_Information provided_.

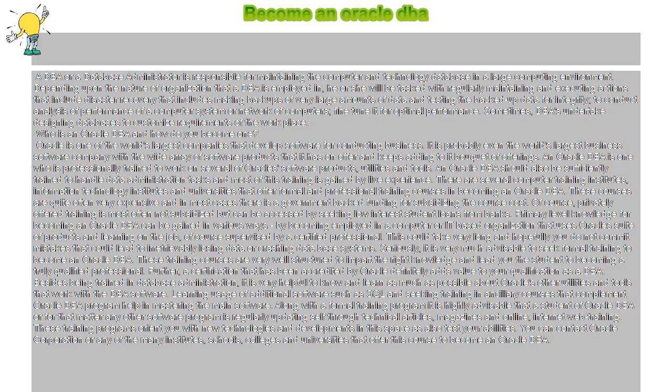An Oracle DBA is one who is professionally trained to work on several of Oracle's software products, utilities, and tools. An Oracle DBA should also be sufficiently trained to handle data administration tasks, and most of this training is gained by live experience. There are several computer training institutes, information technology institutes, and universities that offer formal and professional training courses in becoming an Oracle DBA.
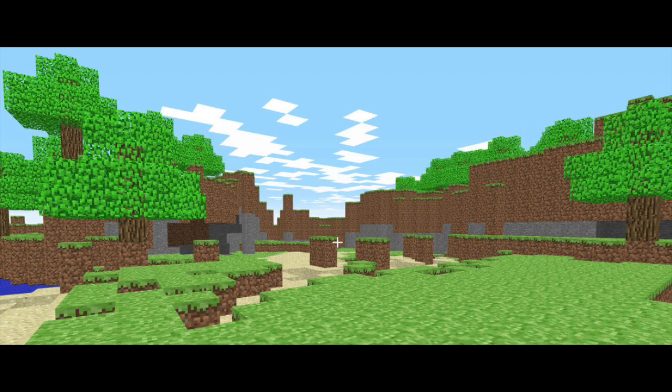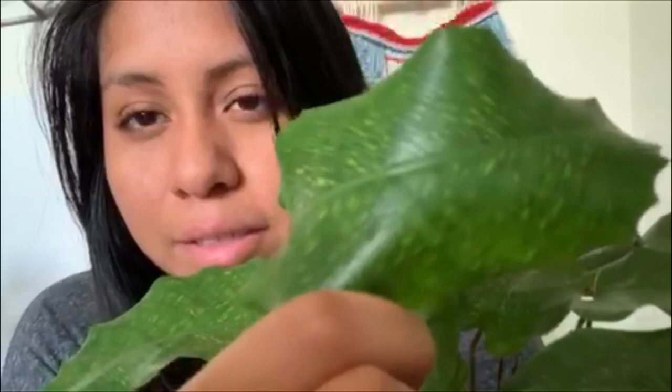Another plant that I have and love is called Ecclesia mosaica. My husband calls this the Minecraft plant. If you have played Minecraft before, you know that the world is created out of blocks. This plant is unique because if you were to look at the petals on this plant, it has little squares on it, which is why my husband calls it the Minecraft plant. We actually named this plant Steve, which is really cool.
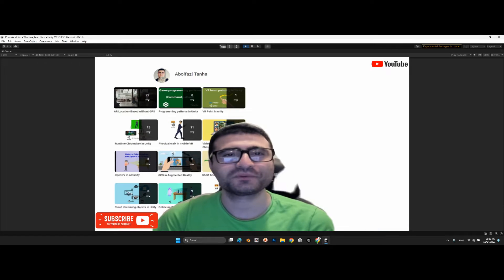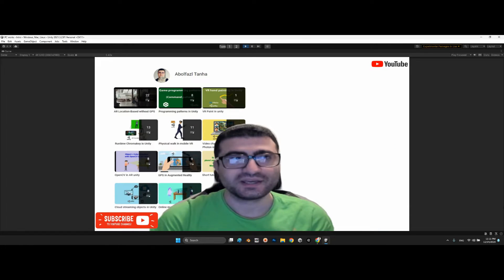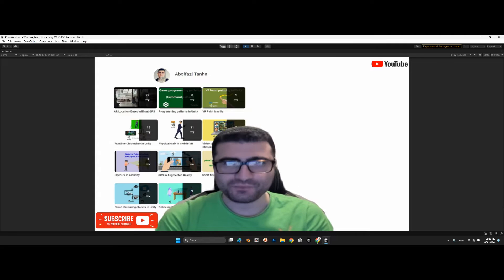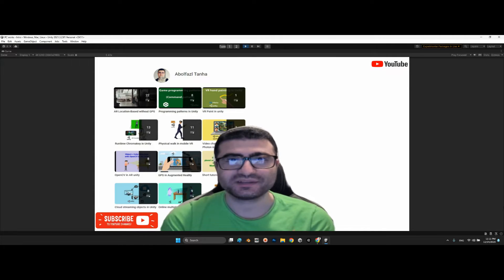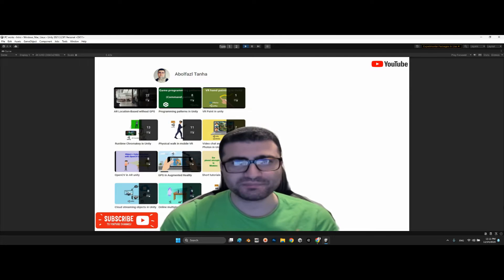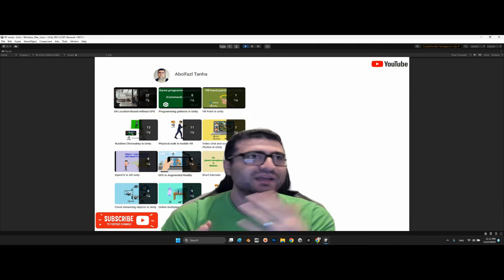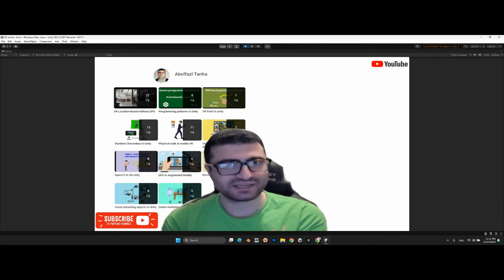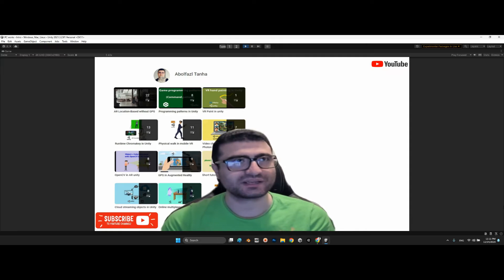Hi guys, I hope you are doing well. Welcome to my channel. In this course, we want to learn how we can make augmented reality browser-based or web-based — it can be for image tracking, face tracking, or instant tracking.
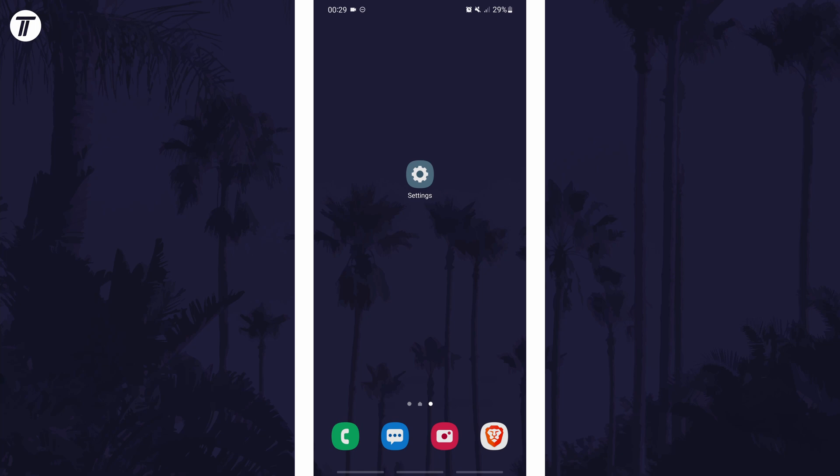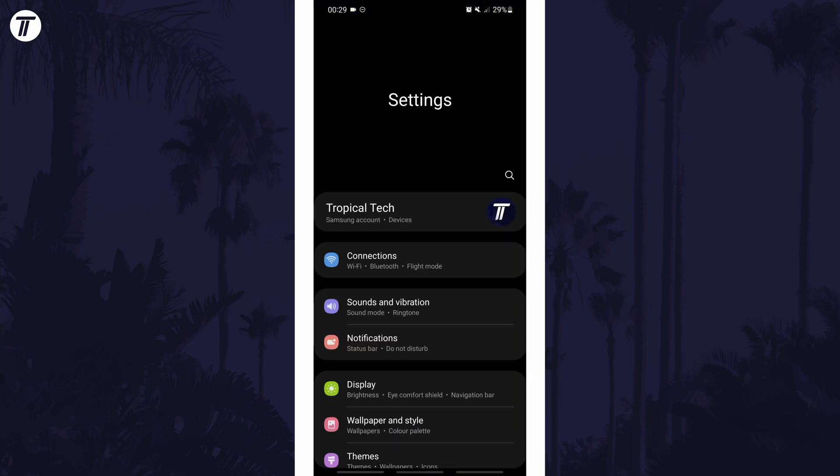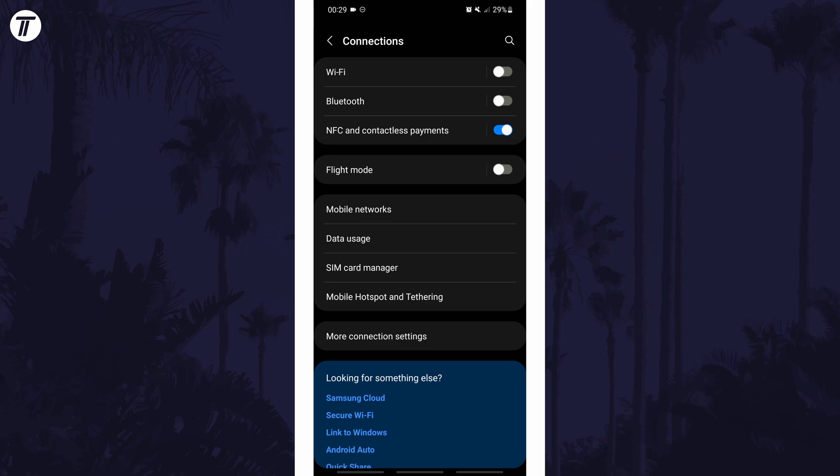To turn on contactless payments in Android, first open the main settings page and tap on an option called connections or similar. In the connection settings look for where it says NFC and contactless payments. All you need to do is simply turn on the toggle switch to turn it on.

_Assignment_.
Return each line of the data, keeping its wording exact and omitting pictures.

_Result_.
An Oracle DBA is one who is professionally trained to work on several of Oracle's software products, utilities, and tools. An Oracle DBA should also be sufficiently trained to handle data administration tasks, and most of this training is gained by live experience. There are several computer training institutes, information technology institutes, and universities that offer formal and professional training courses in becoming an Oracle DBA.
Another plant that I have and love is called Ecclesia mosaica. My husband calls this the Minecraft plant. If you have played Minecraft before, you know that the world is created out of blocks. This plant is unique because if you were to look at the petals on this plant, it has little squares on it, which is why my husband calls it the Minecraft plant. We actually named this plant Steve, which is really cool.
Hi guys, I hope you are doing well. Welcome to my channel. In this course, we want to learn how we can make augmented reality browser-based or web-based — it can be for image tracking, face tracking, or instant tracking.
To turn on contactless payments in Android, first open the main settings page and tap on an option called connections or similar. In the connection settings look for where it says NFC and contactless payments. All you need to do is simply turn on the toggle switch to turn it on.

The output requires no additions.